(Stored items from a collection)
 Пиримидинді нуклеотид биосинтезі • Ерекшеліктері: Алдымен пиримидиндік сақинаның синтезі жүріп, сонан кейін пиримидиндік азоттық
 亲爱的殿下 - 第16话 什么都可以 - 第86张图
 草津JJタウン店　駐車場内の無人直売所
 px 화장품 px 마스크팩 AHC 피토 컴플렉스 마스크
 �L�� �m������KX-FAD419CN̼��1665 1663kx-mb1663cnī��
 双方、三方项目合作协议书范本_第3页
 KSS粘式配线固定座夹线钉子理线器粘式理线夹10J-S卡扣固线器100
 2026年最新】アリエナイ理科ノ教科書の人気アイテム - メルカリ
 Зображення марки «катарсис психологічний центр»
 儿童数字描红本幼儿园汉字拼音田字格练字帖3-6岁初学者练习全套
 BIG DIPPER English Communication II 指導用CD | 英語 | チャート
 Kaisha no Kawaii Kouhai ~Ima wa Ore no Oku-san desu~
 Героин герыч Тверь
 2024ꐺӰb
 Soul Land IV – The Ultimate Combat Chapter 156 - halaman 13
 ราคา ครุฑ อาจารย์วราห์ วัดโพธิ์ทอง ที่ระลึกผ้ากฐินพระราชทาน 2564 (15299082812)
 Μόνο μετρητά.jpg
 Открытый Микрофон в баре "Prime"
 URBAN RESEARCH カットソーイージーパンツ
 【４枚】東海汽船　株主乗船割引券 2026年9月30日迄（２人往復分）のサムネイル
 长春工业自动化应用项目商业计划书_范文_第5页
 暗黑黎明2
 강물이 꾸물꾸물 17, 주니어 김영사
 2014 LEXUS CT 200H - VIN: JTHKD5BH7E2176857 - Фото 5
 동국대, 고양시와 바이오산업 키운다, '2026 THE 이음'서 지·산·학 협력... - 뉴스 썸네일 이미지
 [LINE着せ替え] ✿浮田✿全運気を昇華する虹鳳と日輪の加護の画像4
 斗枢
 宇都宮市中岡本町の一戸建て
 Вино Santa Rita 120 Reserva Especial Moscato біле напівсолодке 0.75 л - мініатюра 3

| Task item |
Return the lines beginning at the one that contains "宇都宮市中岡本町の一戸建て" and continuing through the last line of the data, exactly as they stand and without any others.

| Exercise output |
 宇都宮市中岡本町の一戸建て
 Вино Santa Rita 120 Reserva Especial Moscato біле напівсолодке 0.75 л - мініатюра 3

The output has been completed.